このフューチャーベンチャーキャピタルの株主総会で、「会社側が用意していた取締役候補が全て認められず、逆に、個人株主側が株主提案した取締役が選任される」という事件が発生したのです。
法律上は、このような事は当然に想定されている訳ですが、長年、上場企業の実務を見てきた立場としては、衝撃でした。
この件を主導したのは、「金武偉(以下、金氏)」という個人株主であったと報じられています。
では、なぜ、金氏は、これまでの常識を覆し、会社側の取締役候補を落選させる事が出来たのでしょうか。
気になって調べてみた所、その鍵は「行動力」と「インターネット活動(SNSなど)」にあったようです。
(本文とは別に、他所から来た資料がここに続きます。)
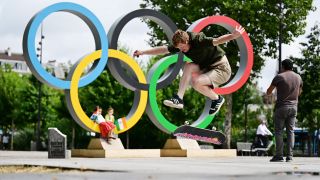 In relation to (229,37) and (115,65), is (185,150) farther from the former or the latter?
(229,37)

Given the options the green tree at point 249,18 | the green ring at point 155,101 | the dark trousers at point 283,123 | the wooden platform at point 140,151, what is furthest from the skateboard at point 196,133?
the green tree at point 249,18

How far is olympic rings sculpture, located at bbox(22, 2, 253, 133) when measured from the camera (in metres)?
20.7

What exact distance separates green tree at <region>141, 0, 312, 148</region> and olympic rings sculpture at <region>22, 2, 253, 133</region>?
43.0ft

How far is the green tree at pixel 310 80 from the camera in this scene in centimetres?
3909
この金氏、会社の取締役候補についての提案に反対する事を決めると、自ら、他の株主に通知を送り、また、他の株主に会いにも行ったのだそうです。
そして、「自分の主張」や「自分が行動している内容」について、インターネット上で公開を続けたのだとか。
その結果、インターネット上で他の株主とつながり、巨大な株主グループを形成する事で、自分達の株主提案を通してしまったようなのです。
もちろん、今回の事件が成立したのは、他の株主が金氏に同意したからであり、同意を得られなければ、今回の事件は成立しなかった事でしょう。
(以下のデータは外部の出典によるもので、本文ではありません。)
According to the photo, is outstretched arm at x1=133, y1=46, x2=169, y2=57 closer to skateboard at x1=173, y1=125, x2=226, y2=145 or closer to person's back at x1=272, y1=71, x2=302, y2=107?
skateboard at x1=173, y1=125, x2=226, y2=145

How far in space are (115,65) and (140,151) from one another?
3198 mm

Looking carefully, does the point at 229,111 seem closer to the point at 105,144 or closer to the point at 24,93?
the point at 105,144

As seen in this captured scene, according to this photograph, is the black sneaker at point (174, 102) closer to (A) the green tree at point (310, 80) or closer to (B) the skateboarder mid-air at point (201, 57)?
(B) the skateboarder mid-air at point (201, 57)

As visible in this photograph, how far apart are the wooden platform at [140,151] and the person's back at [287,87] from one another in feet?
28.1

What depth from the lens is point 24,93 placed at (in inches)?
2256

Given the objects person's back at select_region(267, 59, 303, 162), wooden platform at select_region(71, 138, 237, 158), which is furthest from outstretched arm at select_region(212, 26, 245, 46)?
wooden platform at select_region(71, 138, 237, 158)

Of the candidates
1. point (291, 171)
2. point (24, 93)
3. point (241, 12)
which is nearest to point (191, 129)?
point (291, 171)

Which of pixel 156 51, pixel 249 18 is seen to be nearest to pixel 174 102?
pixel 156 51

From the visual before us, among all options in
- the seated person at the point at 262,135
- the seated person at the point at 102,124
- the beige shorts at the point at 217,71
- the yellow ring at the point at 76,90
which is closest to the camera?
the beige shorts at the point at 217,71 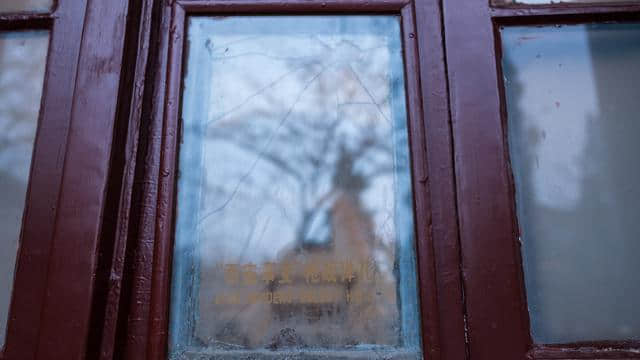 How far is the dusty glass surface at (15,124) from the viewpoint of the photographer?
1038 millimetres

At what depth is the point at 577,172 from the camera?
106 cm

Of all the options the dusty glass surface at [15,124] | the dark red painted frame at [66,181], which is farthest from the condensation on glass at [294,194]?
the dusty glass surface at [15,124]

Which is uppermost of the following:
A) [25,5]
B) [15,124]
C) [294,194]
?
[25,5]

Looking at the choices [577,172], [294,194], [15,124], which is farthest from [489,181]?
[15,124]

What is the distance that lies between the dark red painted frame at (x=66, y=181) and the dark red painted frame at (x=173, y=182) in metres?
0.05

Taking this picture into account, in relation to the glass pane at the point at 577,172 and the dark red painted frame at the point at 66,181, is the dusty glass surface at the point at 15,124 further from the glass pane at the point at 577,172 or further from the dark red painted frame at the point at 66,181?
the glass pane at the point at 577,172

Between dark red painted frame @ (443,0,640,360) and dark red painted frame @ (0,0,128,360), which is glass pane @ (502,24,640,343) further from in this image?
dark red painted frame @ (0,0,128,360)

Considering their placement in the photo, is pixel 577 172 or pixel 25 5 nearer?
pixel 577 172

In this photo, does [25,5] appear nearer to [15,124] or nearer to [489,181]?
[15,124]

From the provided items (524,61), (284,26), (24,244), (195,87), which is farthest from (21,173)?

しかし、このような事が実現可能であると解った以上、今後、他の企業の株主でも真似をする人は出てくる事でしょう。
今後は、個人株主であっても、株主としての権利を行使する前に、株主同士で意見をすり合わせたりするような動きが普通になっていくのかもしれません。
上場企業の経営関係者の皆さまには、今回の事件を踏まえ、株主との関係をチェックする事をお勧めします。
そして、もし、一部の株主が会社側の提案を拒否しようとした場合に、他の株主が、それに乗らないような関係が築けていないようであれば、今まで以上に、株主(個人株主を含む)とのコミュニケーションを密にされる事をお勧めします。
そうでなければ、貴方の会社の株主総会でも株主提案が通り、結果、貴方の会社が、第二・第三のフューチャーベンチャーキャピタルとして報道される日は遠くないかもしれません。